(Stored entries)
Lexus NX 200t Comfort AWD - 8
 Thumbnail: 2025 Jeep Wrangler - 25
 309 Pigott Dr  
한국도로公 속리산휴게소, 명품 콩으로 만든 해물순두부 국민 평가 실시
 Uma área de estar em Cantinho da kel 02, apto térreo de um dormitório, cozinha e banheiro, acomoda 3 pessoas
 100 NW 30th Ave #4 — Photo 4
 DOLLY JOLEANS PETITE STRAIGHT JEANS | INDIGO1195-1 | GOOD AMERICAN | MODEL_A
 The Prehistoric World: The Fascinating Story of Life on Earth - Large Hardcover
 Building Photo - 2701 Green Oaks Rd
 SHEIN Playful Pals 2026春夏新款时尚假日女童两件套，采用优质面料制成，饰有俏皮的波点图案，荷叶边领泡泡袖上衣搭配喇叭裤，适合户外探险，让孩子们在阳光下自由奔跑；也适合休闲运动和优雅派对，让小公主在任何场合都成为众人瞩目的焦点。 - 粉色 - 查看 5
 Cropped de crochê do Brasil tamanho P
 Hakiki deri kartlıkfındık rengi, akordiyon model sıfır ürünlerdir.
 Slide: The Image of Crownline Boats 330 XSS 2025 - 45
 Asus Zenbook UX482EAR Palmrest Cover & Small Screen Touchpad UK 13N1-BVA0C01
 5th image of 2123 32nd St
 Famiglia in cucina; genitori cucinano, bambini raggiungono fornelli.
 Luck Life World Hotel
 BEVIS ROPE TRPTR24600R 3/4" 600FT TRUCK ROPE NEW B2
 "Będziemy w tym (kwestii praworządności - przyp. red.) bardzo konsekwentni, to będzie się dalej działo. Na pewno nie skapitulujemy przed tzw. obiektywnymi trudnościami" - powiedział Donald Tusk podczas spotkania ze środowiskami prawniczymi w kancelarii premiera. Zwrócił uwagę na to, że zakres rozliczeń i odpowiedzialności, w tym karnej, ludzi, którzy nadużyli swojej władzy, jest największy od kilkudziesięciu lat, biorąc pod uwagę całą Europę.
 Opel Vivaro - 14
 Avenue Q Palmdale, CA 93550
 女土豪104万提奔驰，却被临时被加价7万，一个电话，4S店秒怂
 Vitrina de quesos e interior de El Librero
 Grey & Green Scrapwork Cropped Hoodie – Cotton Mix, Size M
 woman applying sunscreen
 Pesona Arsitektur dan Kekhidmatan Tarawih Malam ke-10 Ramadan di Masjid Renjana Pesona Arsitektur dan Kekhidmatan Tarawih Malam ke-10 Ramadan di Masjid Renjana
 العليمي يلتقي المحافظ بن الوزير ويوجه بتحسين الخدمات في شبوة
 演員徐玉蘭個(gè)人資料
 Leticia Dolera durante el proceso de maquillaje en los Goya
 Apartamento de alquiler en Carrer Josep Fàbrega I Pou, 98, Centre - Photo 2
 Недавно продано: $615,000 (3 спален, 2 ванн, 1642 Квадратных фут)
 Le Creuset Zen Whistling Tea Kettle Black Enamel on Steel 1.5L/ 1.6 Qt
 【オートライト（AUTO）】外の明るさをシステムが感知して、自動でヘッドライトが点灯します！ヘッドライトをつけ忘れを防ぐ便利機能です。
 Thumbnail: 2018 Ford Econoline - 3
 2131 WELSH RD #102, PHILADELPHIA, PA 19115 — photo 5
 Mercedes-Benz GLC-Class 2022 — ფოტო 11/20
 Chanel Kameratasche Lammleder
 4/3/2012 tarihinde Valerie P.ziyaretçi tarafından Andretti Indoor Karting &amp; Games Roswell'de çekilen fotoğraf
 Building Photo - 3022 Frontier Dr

BRIEF
Copy the lines of the data above exactly as written, beginning with the line containing "한국도로公 속리산휴게소, 명품 콩으로 만든 해물순두부 국민 평가 실시" and ending with the line containing "Building Photo - 2701 Green Oaks Rd", and leave out all other lines.

EXPECTED OUTPUT
한국도로公 속리산휴게소, 명품 콩으로 만든 해물순두부 국민 평가 실시
 Uma área de estar em Cantinho da kel 02, apto térreo de um dormitório, cozinha e banheiro, acomoda 3 pessoas
 100 NW 30th Ave #4 — Photo 4
 DOLLY JOLEANS PETITE STRAIGHT JEANS | INDIGO1195-1 | GOOD AMERICAN | MODEL_A
 The Prehistoric World: The Fascinating Story of Life on Earth - Large Hardcover
 Building Photo - 2701 Green Oaks Rd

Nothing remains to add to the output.